- Born: Philip Awadalla 7 November 1969 (age 56) Canada
- Education: University of Toronto (MSc); University of Edinburgh (PhD);
- Known for: Global genomics; Mutation and early disease progression; Population cohort studies;
- Awards: Killam Laureate 2000 ; Genome Quebec Recruitment Award 2010 ; Quebec Discovery of the Year 2011 ; Canadian Society for Clinical Investigation Young Investigators Award 2012 ; Queens University Haust Distinguished Lecturer ; Academy of Science of South Africa Distinguished Visiting Scholar 2015 ; Google Cloud Innovator;
- Scientific career
- Workplaces: University of Oxford; University of Toronto; Ontario Institute for Cancer Research; University of Montreal;
- Thesis: (2001)
- Doctoral advisor: Deborah Charlesworth
- Other academic advisors: Kermit Ritland; Charles Langley;
- Doctoral students: Professor Julie Hussin
- Other notable students: Professor Alan Hodgkinson
- Website: pawadallalab.org

= Philip Awadalla =

Canadian geneticist (born 1969)

Philip Awadalla is the Professor of Molecular Genetics at the Nuffield Department of Population Health, and Associate Director of the Big Data Institute at the University of Oxford. He is also a Status-Only Full Professor at the University of Toronto Faculty of Medicine. He is the National Scientific Director of the Canadian Partnership for Tomorrow's Health (CanPath), formerly the Canadian Partnership for Tomorrow Project (CPTP), and executive director of the Ontario Health Study. He was the Executive Scientific Director of the Genome Canada Genome Technology Platform, the Canadian Data Integration Centre. Professor Awadalla was also the Executive Scientific Director of the CARTaGENE biobank, a regional cohort member of the CPTP, from 2009 to 2015, and is currently a scientific advisor for this and other scientific and industry platforms. At the OICR, he was the Director of Computational Biology.

== Career ==
Philip Awadalla completed his Ph.D at the University of Edinburgh, Scotland under the supervision of Deborah Charlesworth in 2001. He then completed a Killam Trust Fellowship and Wellcome Trust postdoctoral fellowships under the supervision of Sarah Otto at the University of British Columbia (2001) and Charles Langley at the University of California, Davis (US) (2001–2003).

In 2004, Awadalla was appointed as assistant professor at the Department of Genetics and Centre for Bioinformatics (led by Bruce Weir) at North Carolina State University. His work there included identifying potential genetic targets for vaccines to Plasmodium falciparum, the main malaria parasite. This has included the first genetic maps and mapping of drug resistance genes in malaria.

In 2007 Awadalla, he became an associate professor in the department of pediatrics at the Université de Montréal, and in 2009 he became the Executive Scientific Director of the CARTaGENE Biobank of Québec. His research focused on developing next-generation genomics platforms to support to pediatric disease research and discovery of rare mutations. Awadalla discovered the relationship of a histone methylating factor encoded by the gene PRDM9 and child-hood acute lymphoblastic leukemia.

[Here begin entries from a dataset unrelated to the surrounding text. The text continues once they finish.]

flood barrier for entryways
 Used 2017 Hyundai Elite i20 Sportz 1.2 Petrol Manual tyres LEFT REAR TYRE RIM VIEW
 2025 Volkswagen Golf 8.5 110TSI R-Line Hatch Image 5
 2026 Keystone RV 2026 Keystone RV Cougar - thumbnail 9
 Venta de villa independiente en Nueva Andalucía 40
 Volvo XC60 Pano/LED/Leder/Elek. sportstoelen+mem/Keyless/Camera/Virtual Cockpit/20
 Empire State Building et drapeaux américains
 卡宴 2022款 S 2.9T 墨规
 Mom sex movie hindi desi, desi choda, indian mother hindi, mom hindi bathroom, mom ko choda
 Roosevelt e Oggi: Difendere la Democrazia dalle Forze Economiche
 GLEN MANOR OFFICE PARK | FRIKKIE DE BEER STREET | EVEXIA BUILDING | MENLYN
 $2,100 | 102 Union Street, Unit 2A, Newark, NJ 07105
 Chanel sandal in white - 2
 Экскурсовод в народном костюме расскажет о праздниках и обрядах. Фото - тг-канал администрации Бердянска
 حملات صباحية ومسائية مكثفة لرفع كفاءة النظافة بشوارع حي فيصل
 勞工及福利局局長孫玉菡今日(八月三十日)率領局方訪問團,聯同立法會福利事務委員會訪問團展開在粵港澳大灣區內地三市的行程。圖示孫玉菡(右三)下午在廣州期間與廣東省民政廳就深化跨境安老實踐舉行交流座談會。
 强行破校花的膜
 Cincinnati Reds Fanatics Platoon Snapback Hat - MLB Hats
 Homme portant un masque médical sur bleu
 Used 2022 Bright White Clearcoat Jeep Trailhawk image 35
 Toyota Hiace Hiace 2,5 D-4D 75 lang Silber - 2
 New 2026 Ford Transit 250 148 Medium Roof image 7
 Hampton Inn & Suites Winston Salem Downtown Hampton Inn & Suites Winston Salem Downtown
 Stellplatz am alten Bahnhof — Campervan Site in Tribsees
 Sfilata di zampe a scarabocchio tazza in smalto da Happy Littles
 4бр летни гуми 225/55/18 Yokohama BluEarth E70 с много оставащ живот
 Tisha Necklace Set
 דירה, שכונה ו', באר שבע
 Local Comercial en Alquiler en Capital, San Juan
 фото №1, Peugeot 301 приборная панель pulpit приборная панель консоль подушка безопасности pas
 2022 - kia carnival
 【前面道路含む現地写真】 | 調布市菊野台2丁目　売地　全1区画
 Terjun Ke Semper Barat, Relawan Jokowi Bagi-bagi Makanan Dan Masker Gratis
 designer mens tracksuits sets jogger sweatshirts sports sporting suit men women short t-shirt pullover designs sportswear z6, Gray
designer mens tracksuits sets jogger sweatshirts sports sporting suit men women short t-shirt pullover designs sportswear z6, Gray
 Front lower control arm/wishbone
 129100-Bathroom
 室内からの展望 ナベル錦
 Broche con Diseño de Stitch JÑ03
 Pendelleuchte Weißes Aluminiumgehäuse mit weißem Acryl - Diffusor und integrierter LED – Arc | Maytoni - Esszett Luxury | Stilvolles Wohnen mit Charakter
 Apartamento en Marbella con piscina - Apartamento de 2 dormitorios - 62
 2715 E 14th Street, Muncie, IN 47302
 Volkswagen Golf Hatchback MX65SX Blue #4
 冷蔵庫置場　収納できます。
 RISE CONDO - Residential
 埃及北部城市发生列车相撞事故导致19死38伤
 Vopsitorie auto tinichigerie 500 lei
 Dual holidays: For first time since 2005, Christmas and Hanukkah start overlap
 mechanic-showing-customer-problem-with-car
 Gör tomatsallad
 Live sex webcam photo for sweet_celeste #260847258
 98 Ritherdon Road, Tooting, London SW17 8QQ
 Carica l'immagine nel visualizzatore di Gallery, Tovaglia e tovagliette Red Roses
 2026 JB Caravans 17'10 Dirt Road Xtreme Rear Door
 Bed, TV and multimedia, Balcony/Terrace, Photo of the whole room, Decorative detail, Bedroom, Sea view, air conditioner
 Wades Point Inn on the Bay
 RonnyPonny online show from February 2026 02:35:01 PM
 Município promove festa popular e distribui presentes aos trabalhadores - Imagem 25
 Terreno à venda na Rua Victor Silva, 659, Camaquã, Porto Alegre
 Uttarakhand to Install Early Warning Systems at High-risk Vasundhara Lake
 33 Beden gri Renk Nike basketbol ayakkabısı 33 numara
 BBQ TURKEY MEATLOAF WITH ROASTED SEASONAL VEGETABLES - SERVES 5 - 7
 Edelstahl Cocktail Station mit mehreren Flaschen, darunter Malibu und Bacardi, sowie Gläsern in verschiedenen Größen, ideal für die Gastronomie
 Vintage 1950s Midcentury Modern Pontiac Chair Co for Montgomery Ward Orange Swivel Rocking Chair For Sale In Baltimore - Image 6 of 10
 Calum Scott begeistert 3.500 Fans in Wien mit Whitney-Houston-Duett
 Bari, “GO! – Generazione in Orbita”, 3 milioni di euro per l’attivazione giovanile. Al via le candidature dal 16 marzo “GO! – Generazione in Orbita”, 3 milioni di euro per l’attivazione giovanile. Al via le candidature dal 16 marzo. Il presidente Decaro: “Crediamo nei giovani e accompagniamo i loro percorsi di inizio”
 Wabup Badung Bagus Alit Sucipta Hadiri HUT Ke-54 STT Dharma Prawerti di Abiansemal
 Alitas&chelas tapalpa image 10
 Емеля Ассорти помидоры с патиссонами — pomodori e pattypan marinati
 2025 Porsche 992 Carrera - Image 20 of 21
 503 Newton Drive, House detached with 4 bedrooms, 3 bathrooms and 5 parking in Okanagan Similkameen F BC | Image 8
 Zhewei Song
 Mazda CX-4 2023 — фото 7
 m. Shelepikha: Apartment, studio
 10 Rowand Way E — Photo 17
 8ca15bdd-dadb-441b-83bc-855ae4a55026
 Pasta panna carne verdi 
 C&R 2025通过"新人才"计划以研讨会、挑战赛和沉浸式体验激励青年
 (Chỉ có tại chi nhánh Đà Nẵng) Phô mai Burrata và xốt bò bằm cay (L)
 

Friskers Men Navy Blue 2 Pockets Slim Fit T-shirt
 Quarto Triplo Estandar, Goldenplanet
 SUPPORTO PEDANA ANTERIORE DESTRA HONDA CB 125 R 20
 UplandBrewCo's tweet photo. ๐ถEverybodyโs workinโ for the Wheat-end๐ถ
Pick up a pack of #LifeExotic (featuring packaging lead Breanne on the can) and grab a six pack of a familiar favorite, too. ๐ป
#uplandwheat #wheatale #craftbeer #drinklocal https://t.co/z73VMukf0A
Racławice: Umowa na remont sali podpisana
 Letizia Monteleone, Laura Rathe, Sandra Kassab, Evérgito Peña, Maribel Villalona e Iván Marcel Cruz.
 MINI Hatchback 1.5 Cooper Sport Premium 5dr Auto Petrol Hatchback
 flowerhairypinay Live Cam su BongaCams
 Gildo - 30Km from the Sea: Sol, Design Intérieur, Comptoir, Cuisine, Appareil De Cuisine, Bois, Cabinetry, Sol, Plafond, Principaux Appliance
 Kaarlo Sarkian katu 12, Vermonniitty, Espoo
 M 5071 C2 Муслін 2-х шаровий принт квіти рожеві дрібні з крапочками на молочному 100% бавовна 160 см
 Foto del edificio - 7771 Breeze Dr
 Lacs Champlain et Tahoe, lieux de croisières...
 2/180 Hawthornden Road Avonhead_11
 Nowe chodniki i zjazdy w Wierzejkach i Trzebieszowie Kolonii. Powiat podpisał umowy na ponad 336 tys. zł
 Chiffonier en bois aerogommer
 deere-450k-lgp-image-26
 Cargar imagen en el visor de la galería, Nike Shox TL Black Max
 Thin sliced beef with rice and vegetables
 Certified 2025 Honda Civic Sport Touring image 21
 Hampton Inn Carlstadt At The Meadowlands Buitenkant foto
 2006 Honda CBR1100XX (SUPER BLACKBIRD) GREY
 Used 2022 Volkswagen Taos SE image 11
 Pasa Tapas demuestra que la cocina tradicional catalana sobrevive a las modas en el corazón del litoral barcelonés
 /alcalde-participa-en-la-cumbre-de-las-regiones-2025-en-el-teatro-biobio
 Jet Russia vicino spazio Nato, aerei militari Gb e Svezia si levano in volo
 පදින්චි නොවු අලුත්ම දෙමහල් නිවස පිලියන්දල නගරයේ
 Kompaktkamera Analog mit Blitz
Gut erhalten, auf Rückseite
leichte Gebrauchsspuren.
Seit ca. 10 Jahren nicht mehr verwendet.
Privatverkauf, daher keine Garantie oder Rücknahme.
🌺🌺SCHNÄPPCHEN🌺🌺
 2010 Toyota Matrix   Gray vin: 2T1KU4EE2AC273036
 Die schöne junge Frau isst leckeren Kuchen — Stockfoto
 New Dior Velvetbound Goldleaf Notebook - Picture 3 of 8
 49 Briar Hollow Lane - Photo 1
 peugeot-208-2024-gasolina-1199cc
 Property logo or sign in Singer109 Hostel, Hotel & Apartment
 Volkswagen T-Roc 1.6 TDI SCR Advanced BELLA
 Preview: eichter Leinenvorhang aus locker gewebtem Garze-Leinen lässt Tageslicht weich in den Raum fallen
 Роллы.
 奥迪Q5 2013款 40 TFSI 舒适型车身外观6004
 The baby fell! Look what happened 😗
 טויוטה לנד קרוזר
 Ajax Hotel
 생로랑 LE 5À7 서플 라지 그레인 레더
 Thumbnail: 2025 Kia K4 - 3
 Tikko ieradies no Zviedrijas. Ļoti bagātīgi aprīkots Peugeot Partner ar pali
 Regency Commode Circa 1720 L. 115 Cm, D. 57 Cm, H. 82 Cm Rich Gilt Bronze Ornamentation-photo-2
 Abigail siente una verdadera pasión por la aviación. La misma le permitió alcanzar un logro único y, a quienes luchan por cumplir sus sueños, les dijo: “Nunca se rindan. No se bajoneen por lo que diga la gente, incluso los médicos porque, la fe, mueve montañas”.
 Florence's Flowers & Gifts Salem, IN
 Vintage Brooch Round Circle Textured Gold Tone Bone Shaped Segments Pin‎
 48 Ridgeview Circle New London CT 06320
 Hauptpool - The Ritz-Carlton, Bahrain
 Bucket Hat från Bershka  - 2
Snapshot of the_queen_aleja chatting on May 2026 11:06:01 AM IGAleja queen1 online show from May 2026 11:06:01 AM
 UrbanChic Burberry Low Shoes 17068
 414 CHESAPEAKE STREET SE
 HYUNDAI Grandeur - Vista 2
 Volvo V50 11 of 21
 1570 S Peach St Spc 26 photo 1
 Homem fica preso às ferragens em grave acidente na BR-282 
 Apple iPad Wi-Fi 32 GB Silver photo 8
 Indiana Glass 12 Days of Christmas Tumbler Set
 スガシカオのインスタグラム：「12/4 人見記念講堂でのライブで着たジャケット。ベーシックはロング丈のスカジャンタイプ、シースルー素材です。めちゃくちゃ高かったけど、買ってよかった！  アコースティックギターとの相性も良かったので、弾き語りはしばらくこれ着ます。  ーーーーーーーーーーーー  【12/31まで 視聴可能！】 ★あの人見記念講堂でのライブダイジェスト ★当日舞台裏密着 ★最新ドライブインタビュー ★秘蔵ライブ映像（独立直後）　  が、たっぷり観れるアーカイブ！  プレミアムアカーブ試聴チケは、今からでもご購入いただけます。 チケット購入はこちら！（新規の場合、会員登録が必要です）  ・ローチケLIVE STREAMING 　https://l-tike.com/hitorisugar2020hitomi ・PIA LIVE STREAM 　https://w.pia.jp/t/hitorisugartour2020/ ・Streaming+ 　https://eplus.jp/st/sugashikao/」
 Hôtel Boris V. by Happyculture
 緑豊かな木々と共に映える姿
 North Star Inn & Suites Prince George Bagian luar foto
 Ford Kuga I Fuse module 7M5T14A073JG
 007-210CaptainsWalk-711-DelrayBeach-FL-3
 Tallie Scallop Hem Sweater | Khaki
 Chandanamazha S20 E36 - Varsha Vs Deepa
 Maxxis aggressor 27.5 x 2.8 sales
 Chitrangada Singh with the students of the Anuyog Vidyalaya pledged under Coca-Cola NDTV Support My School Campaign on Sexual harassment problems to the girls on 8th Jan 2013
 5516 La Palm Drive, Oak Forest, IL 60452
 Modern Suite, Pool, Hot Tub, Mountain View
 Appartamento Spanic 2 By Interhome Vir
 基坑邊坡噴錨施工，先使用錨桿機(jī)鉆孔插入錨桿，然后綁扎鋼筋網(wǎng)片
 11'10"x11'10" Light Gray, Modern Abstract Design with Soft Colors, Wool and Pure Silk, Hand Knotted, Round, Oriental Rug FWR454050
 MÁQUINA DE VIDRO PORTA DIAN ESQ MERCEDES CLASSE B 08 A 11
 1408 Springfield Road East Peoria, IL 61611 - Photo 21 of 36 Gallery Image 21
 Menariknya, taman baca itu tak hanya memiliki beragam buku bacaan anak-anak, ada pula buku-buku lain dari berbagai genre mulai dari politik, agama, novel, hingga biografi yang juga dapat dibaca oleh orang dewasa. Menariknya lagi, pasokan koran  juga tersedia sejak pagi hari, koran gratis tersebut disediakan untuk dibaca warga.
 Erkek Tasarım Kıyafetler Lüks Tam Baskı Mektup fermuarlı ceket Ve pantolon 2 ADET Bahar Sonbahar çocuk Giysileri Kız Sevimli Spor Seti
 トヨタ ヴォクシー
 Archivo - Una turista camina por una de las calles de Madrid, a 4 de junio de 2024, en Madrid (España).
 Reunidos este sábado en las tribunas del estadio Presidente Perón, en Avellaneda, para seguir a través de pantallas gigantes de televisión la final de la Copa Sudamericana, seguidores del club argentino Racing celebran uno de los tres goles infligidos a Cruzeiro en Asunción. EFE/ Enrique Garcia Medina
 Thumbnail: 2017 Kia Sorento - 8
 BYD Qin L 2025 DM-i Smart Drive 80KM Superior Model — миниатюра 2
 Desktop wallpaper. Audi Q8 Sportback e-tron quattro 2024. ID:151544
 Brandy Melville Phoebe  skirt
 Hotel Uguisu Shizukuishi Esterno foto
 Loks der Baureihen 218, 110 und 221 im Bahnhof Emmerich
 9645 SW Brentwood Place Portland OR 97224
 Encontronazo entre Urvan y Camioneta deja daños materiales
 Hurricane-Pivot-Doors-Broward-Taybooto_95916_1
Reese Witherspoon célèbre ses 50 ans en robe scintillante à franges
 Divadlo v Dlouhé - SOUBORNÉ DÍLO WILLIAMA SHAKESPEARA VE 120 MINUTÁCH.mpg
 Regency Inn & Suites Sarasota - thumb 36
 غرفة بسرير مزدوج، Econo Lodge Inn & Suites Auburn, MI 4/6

Research by Awadalla (with Matthew Hurles of the Wellcome Trust Sanger Institute) was first to directly estimate the number of mutations passed on by individual parents to human offspring, fewer than was previously estimated. Other discoveries include large scale RNA methylation and its genetic control in human mitochondria and the impact of population size on negative selection in humans. The Awadalla team were also the first to show the impact of air pollution on gene expression and disease among thousands of individuals in the Quebec population.

Awadalla is part of a number of collaborative programmes, including the analysis and functional analysis groups of the 1000 Genomes Project and the Pan Cancer Analysis of Whole Genomes Program.